(Extracted data)

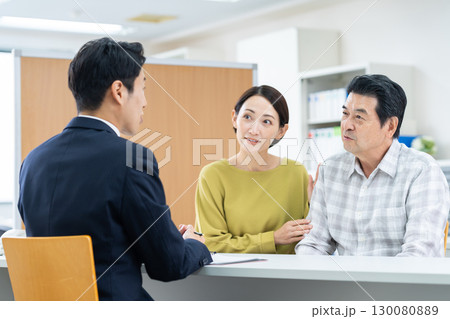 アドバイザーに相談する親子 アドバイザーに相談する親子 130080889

(End Extracted data)
(Extracted data)

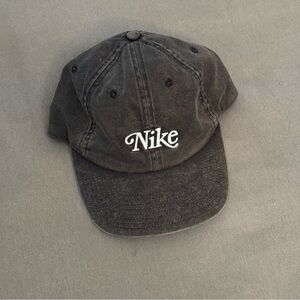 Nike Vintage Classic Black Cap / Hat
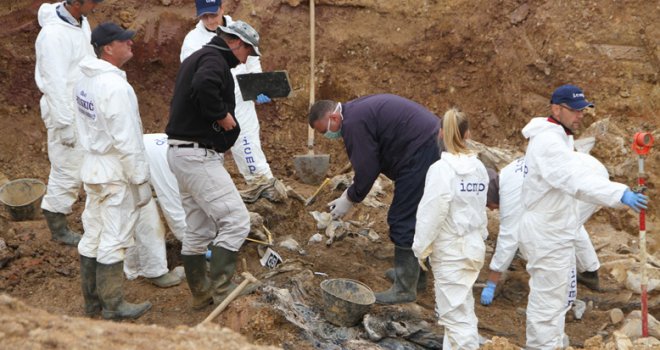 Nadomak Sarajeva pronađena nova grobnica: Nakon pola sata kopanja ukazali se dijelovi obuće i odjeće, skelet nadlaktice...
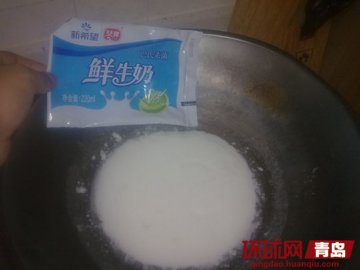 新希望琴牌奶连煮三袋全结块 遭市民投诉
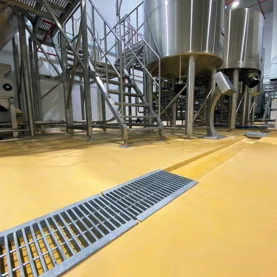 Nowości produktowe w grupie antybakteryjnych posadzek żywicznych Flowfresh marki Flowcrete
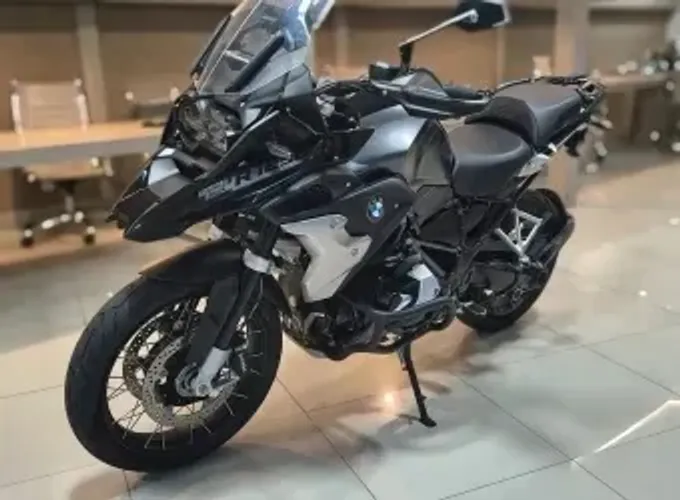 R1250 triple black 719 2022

(End Extracted data)
(Extracted data)

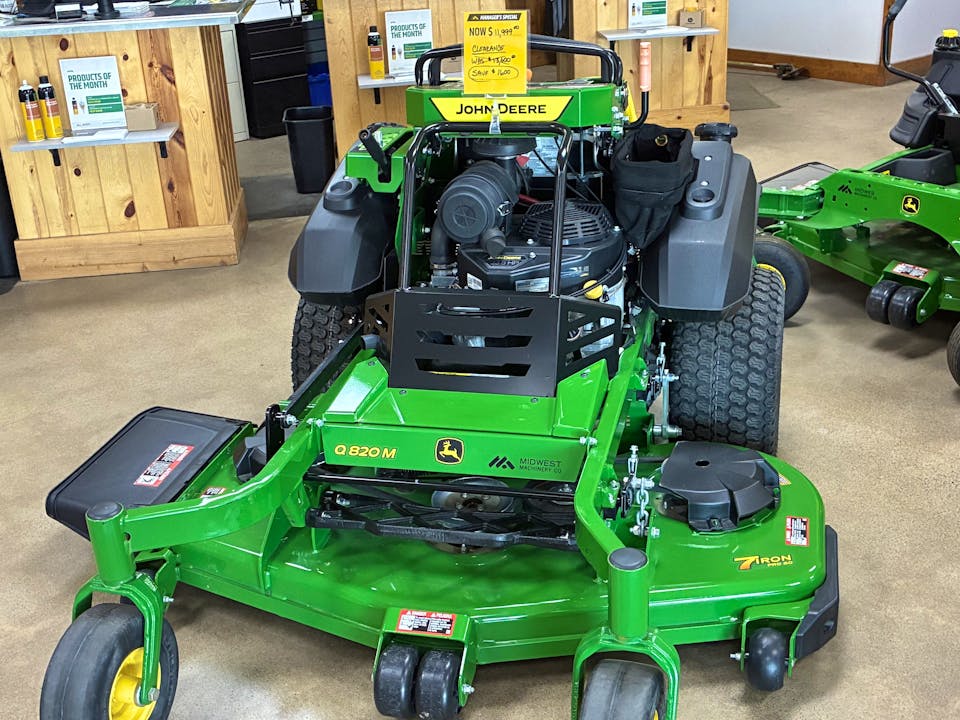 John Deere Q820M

(End Extracted data)

About this exercise:
In the listing above, find the line with "Nowości produktowe w" and output it and every line after it up to and including the line with "R1250 triple black 719 2022", exactly, minus the pictures.

Response:
 Nowości produktowe w grupie antybakteryjnych posadzek żywicznych Flowfresh marki Flowcrete
 R1250 triple black 719 2022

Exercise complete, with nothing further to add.